Rozmowa z dr Romaną Rupiewicz, autorką monografii „Sąd nad Jezusem”.
• Kiedy po raz pierwszy zobaczyła pani tajemniczy obraz z Piłatem w kościele Bożego Ciała na krakowskim Kazimierzu?
– To był 2003 rok, wówczas uczestniczyłam w seminarium z ikonografii sztuki nowożytnej, podczas którego mieliśmy przygotować pracę na temat jednego obiektu sztuki. Dostałam czarno białą fotografię tego właśnie obrazu. Zaintrygował mnie, pojechałam do Krakowa, rozeznałam obiekt i napisałam krótką pracę seminaryjną. Skończyłam studia z zakresu historii literatury wczesnochrześcijańskiej i historii sztuki, napisałam pracę magisterską o czymś zupełnie innym. I postanowiłam wrócić do obrazu.

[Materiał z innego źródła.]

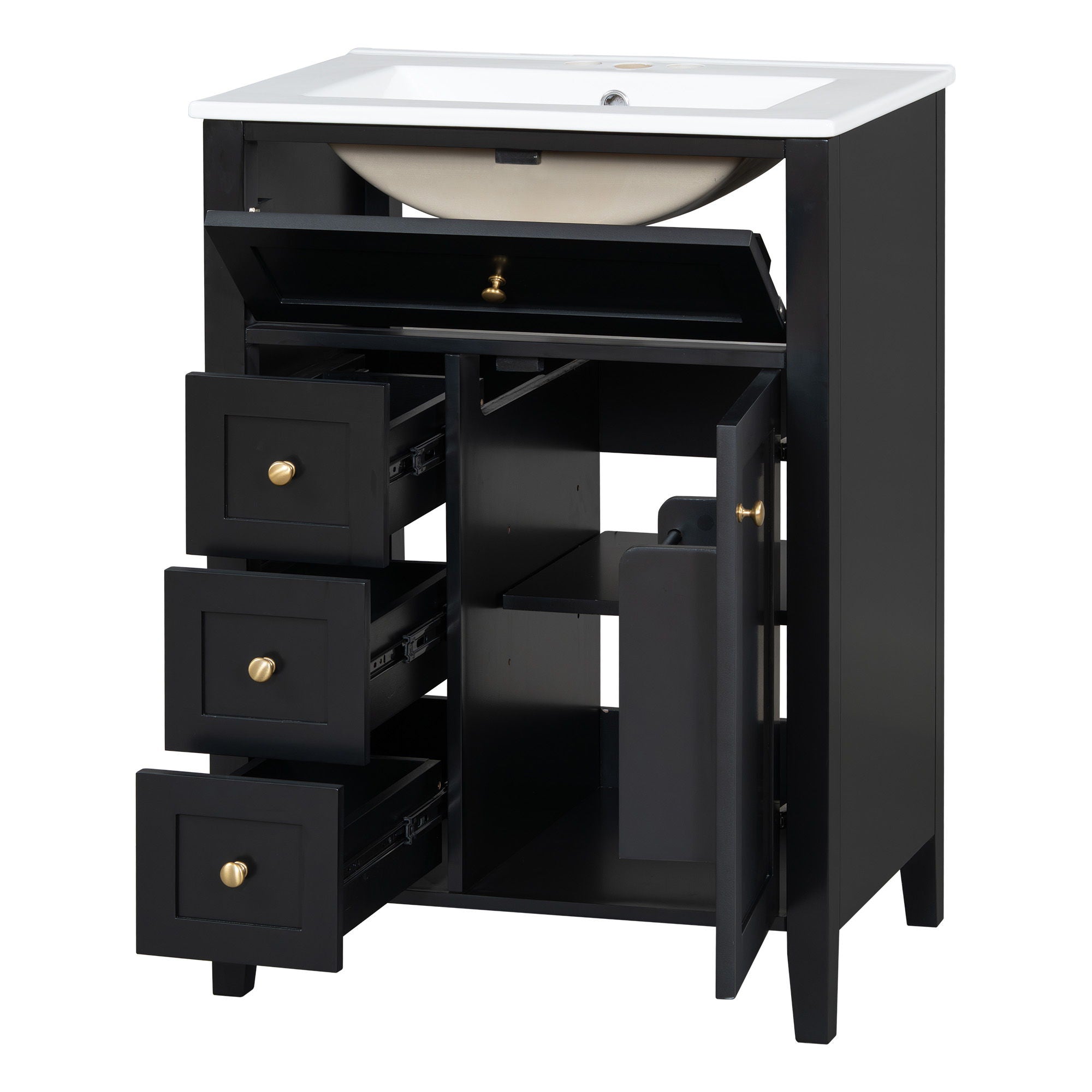 Bathroom Vanity With Sink, 3 Drawers & Cabinet With Adjustable Shelves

• I tak zaczęła się jedna niezwykła historia. Co takiego urzekło panią w obrazie?
– Jest niesamowity, ponieważ pokazuje sąd nad Jezusem w bardzo nietypowej konwencji historycznej. Scena przedstawiona na obrazie pozostaje rozbieżna z przekazem Ewangelii, w których mowa o sądzie przed Kajfaszem następnie przed Piłatem, Herodem... Jezus jest odsyłany od jednego do drugiego. Natomiast na obrazie Jezus siedzi jednocześnie przed Piłatem jak i Kajfaszem. Poza nimi widzimy 19 członków Wysokiej Rady Żydowskiej, a każdy z Żydów trzyma kartusz ze swoim imieniem oraz krótką inskrypcją, która broni lub oskarża Jezusa.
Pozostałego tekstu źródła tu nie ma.